INSTRUCTIONS TO FOLLOW: In the reply, include exactly the lines of the entries below from the first to the line with "Pre Owned Tory", that line included.

RECORD EXCERPTS:
▼

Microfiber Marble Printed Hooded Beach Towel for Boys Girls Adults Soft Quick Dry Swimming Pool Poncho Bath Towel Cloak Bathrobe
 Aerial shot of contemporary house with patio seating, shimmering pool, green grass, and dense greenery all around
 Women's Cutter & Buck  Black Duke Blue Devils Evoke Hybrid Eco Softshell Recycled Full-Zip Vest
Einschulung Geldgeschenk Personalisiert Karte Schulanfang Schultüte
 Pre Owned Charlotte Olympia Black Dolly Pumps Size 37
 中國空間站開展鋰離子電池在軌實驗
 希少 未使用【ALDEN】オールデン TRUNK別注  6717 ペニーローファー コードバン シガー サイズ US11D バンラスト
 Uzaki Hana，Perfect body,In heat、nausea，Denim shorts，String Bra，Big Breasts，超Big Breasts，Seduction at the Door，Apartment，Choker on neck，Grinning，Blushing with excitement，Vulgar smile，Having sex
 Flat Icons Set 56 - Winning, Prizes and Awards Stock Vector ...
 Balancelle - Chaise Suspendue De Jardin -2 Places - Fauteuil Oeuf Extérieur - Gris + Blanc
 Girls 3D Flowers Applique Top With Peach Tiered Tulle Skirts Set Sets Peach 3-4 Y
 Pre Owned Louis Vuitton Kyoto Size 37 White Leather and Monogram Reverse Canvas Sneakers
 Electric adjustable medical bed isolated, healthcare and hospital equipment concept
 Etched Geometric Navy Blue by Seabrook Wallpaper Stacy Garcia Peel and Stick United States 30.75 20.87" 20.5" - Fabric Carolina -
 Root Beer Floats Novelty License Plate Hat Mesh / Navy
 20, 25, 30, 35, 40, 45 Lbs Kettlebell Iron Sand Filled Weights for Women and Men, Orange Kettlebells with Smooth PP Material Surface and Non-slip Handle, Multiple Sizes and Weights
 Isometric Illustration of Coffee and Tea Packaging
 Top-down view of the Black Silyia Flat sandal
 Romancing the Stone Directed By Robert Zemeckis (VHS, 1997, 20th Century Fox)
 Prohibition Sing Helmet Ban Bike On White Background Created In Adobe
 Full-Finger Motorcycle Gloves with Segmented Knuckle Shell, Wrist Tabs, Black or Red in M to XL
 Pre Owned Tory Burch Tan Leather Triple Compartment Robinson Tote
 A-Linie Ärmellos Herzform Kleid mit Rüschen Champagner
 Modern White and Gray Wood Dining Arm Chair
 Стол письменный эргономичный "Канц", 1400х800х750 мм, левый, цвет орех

▲

RESULT OF THE TASK:
Microfiber Marble Printed Hooded Beach Towel for Boys Girls Adults Soft Quick Dry Swimming Pool Poncho Bath Towel Cloak Bathrobe
 Aerial shot of contemporary house with patio seating, shimmering pool, green grass, and dense greenery all around
 Women's Cutter & Buck  Black Duke Blue Devils Evoke Hybrid Eco Softshell Recycled Full-Zip Vest
Einschulung Geldgeschenk Personalisiert Karte Schulanfang Schultüte
 Pre Owned Charlotte Olympia Black Dolly Pumps Size 37
 中國空間站開展鋰離子電池在軌實驗
 希少 未使用【ALDEN】オールデン TRUNK別注  6717 ペニーローファー コードバン シガー サイズ US11D バンラスト
 Uzaki Hana，Perfect body,In heat、nausea，Denim shorts，String Bra，Big Breasts，超Big Breasts，Seduction at the Door，Apartment，Choker on neck，Grinning，Blushing with excitement，Vulgar smile，Having sex
 Flat Icons Set 56 - Winning, Prizes and Awards Stock Vector ...
 Balancelle - Chaise Suspendue De Jardin -2 Places - Fauteuil Oeuf Extérieur - Gris + Blanc
 Girls 3D Flowers Applique Top With Peach Tiered Tulle Skirts Set Sets Peach 3-4 Y
 Pre Owned Louis Vuitton Kyoto Size 37 White Leather and Monogram Reverse Canvas Sneakers
 Electric adjustable medical bed isolated, healthcare and hospital equipment concept
 Etched Geometric Navy Blue by Seabrook Wallpaper Stacy Garcia Peel and Stick United States 30.75 20.87" 20.5" - Fabric Carolina -
 Root Beer Floats Novelty License Plate Hat Mesh / Navy
 20, 25, 30, 35, 40, 45 Lbs Kettlebell Iron Sand Filled Weights for Women and Men, Orange Kettlebells with Smooth PP Material Surface and Non-slip Handle, Multiple Sizes and Weights
 Isometric Illustration of Coffee and Tea Packaging
 Top-down view of the Black Silyia Flat sandal
 Romancing the Stone Directed By Robert Zemeckis (VHS, 1997, 20th Century Fox)
 Prohibition Sing Helmet Ban Bike On White Background Created In Adobe
 Full-Finger Motorcycle Gloves with Segmented Knuckle Shell, Wrist Tabs, Black or Red in M to XL
 Pre Owned Tory Burch Tan Leather Triple Compartment Robinson Tote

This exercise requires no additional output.